# Muddy goat pen management question



## WillowGem (Aug 3, 2011)

When I got my boys this summer, their pen was nice and grassy.
Now that summer's over, their pen is slowly turning into a muddy mess.

I've been throwing the used straw from the barn into the muddy spots in the pen.
Is this a good idea, or will it make things even messier in the long run? 

Any and all suggestions will be appreciated...since I'm such a newbie about this sort of thing! :help:


----------



## 8566 (Jul 18, 2012)

I HATE having to clean up straw that's in the mud. 

When I do I find that there is lots of moisture under/within all that straw keeping a nice living area for worms/bugs.

Maybe in winter it's not such a bad thing since the cold will kill off bugs. Then taking the tractor in to clean up could work.

Not sure how to handle the mud. If it's because of elevation (water running that way). Maybe fill with dirt and make that area a little higher? Hard to say without seeing it.


----------



## WillowGem (Aug 3, 2011)

LilBleatsFarm said:


> I HATE having to clean up straw that's in the mud.
> 
> When I do I find that there is lots of moisture under/within all that straw keeping a nice living area for worms/bugs.


Okay, that's what I was wondering.
It does keep their hooves drier and cleaner, but I'd have to change it out every day...ugh!


----------



## 8566 (Jul 18, 2012)

maybe filling in with a clay type dirt that packs real well. like road base or something.


----------



## ksalvagno (Oct 6, 2009)

Do you want this to stay a grassy area?

If not, you could always put down some type of small stone or limestone.


----------



## WillowGem (Aug 3, 2011)

Thanks, Karen...I don't necessarily want it to stay grass, it would help alot with the parasite issues if it wasn't.
I was thinking about something like gravel or limestone too, but I wonder how the goat berry clean up would be?
Or would it mix with the stone and just dry up? :whatgoat:

Anything we do probably won't happen until the spring, but it will give me some time to research into this further. onder:


----------



## clearwtrbeach (May 10, 2012)

I won't use the straw however, because what I've found is aside from trying to clean it up, be it straw of hay it gets mold on it.
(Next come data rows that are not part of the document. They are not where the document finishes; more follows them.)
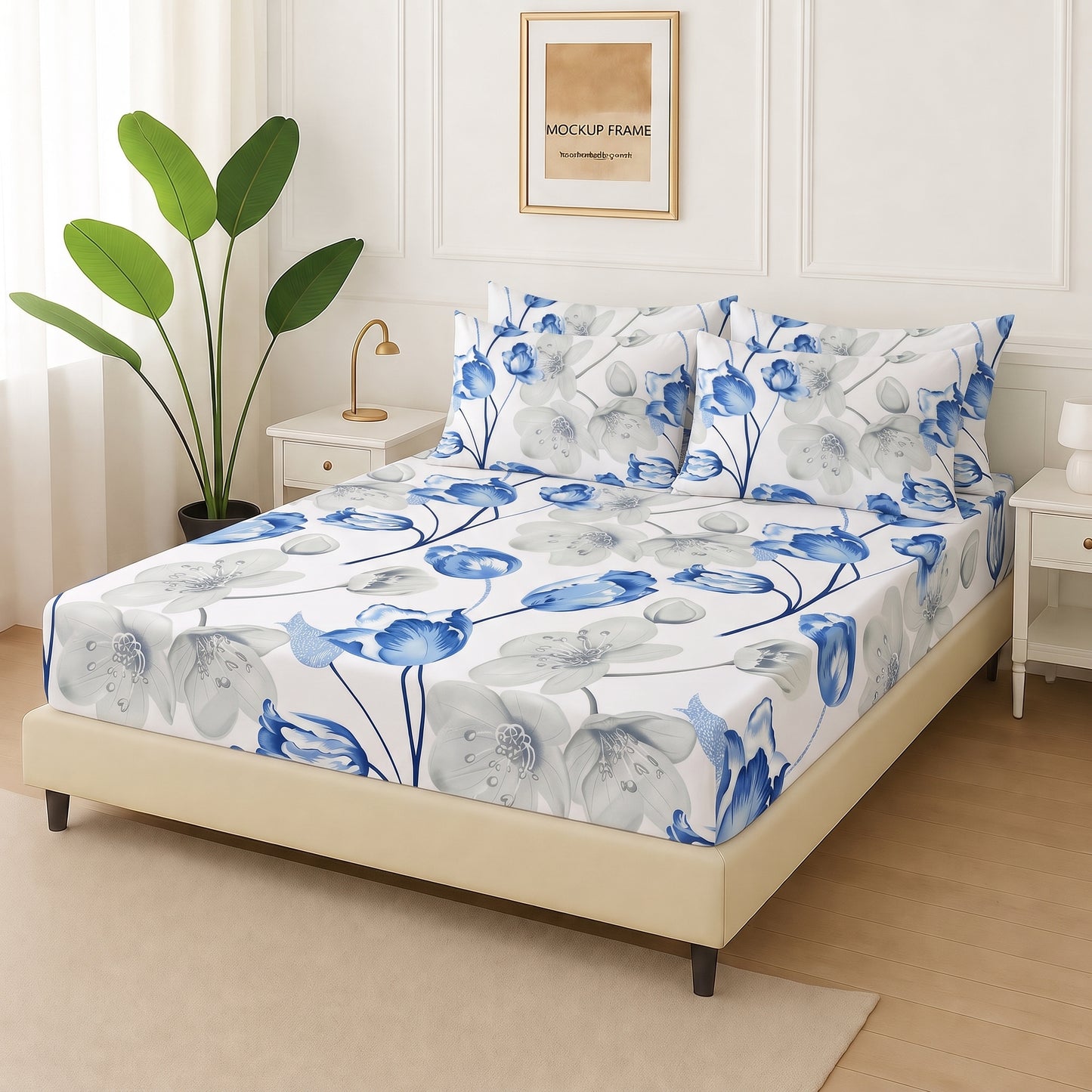 Bluebell Cascade - Fitted Bedsheet With 4 Pillow Covers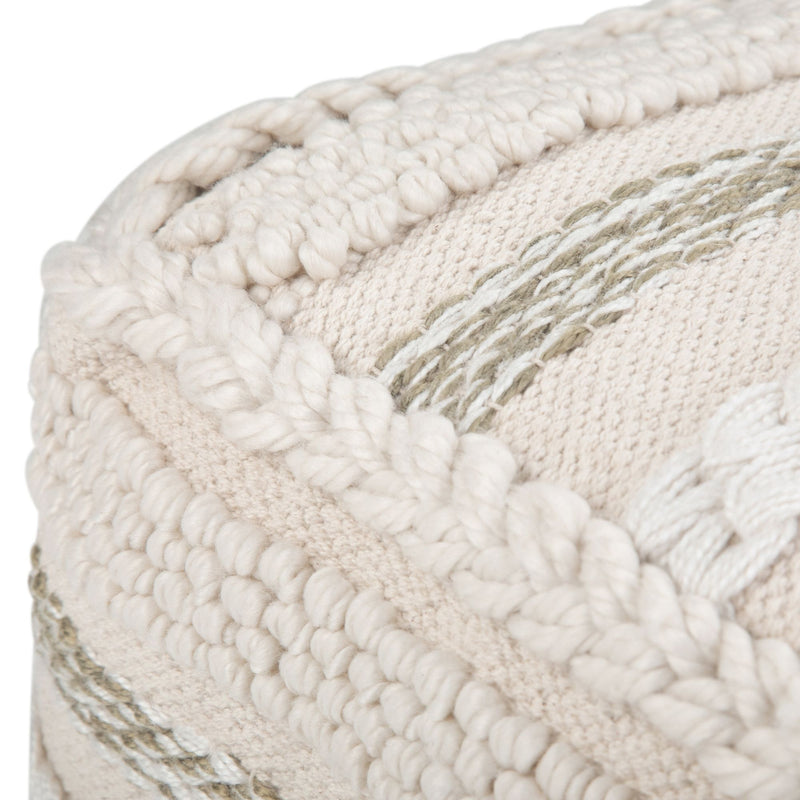 Handcrafted Sommer square accent pouf by Simpli-Home with textured fabric and sturdy wooden legs, ideal for casual seating.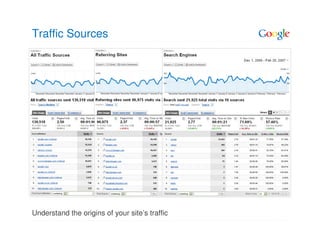 Traffic Sources




Understand the origins of your site’s traffic
 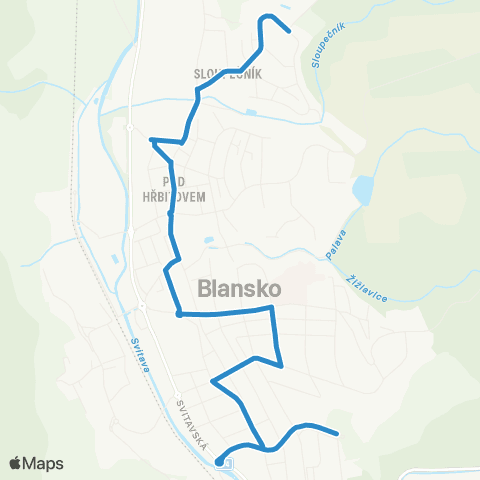 IDS JMK Blansko: Písečná, Penzion – Autobusové Stanoviště – Okružní map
I'm sure as winter hits I'll be in the same boat. My areas are too big to lay down gravel or anything, grass isn't an option as the cold kills it off. For me I'm thinking they have dry shelter, when it snows it'll keep the mud off and just be wet. In between however, I'm thinking I'm going to have to work on cleaning feet/toes to be sure they don't get (don't remember the technical name) mud scald.


----------



## WillowGem (Aug 3, 2011)

That's probably what I'll do this winter too.

After cleaning the barn yesterday, I raked up some of the straw in the pen and it was starting to compost. 
So I'll be cleaning all that up this weekend.
I'm thinking it will end up being more bother than help.


----------



## Stacykins (Mar 27, 2012)

I don't know if this will help, since it I did it for chickens, not goats. My chicken run had become a muddy, swampy mess every time it rained. They free range, so they aren't in the mud all the time, but I have to go through the run to get to their coop, and eggs! 

So I got a lot of wood chips, big thick wood chips, and spread them out over the entire run. Now, even if it rains, it isn't all yucky and gross. Not sure if goats would chew up the chips, though.


----------



## HaleyD (Sep 12, 2012)

I had this same problem at my old house- the goat pen started out as grass and turned into a muddy mess. 
I filled their pen in with sand and it worked great! And it didn't smell nearly as "goaty" (I was in a suburb and goats weren't supposed to be there so that was VERY important).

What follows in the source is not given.